South Korean singer (born 1984)

Park Bom (born March 24, 1984) is a South Korean singer. She is best known as a member of the South Korean girl group 2NE1, which became one of the most popular South Korean girl groups worldwide.

Park began her musical career in 2006 under YG Entertainment, featuring on singles released by label-mates Big Bang, Lexy, and Masta Wu. In 2009, she made her debut as the main vocalist of 2NE1. Under YG Entertainment, Park released two solo singles, "You and I" (2009) and "Don't Cry" (2011), which reached number one on the Gaon Digital Chart, the national music chart of South Korea. She was awarded Best Digital Single at the 2010 Mnet Asian Music Awards.
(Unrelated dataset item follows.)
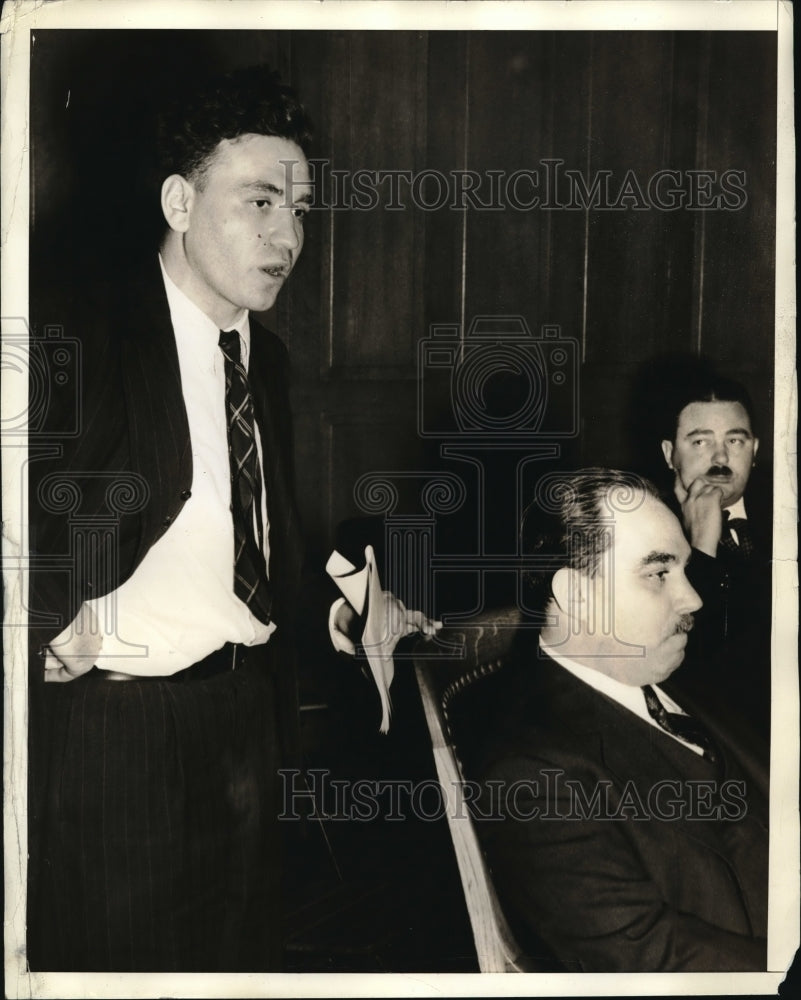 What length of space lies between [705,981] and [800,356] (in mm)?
1567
Following 2NE1's disbandment in 2016, Park left her group's agency, YG Entertainment, in November 2016. In July 2018, she signed with D-Nation Entertainment and released her comeback single, "Spring", in March 2019. After that, in May 2019, Park Bom released her new repackaged album re: Blue Rose, with the single "4:44" featuring Wheein from Mamamoo. Park has further released digital singles including "Do Re Mi Fa Sol" featuring Changmo and "Flower" featuring Kim Min-Seok. In 2023, Park held her first solo concert, "You & I" and released digital single, "I" featuring Dawn.

==Early life==
Park Bom was born in Seoul, South Korea, on March 24, 1984. Her older sister, Park Go-eun, is a cellist. Whilst attending junior high school in the United States, she was diagnosed with attention-deficit hyperactivity disorder (ADHD). Park attended Lesley University in Cambridge, Massachusetts where she majored in psychology, before transferring to the Berklee College of Music to follow her dream of becoming a singer. She graduated from Berklee in 2008.

==Career==
===2006–2009: Career beginnings and breakthrough===
Park returned to South Korea to pursue a music career there and repeatedly auditioned to join YG Entertainment, where she was accepted into the company in 2006 after three years of auditioning according to former YG executive and recording producer Yang Hyun-suk. During her time as a trainee, Park was diagnosed with lymphadenitis; Park has continued to suffer from episodes of lymphadenitis ever since. In 2006, she featured on two of Big Bang's earliest singles, "We Belong Together" and "Forever with U". Park also collaborated with Lexy on "Baby Boy" from her third extended play Rush, and Red Roc on the single "Along My Way". She has also appeared in a series of promotional music videos for Samsung Anycall of the same name, alongside Lee Hyori, G-Dragon, and Gummy.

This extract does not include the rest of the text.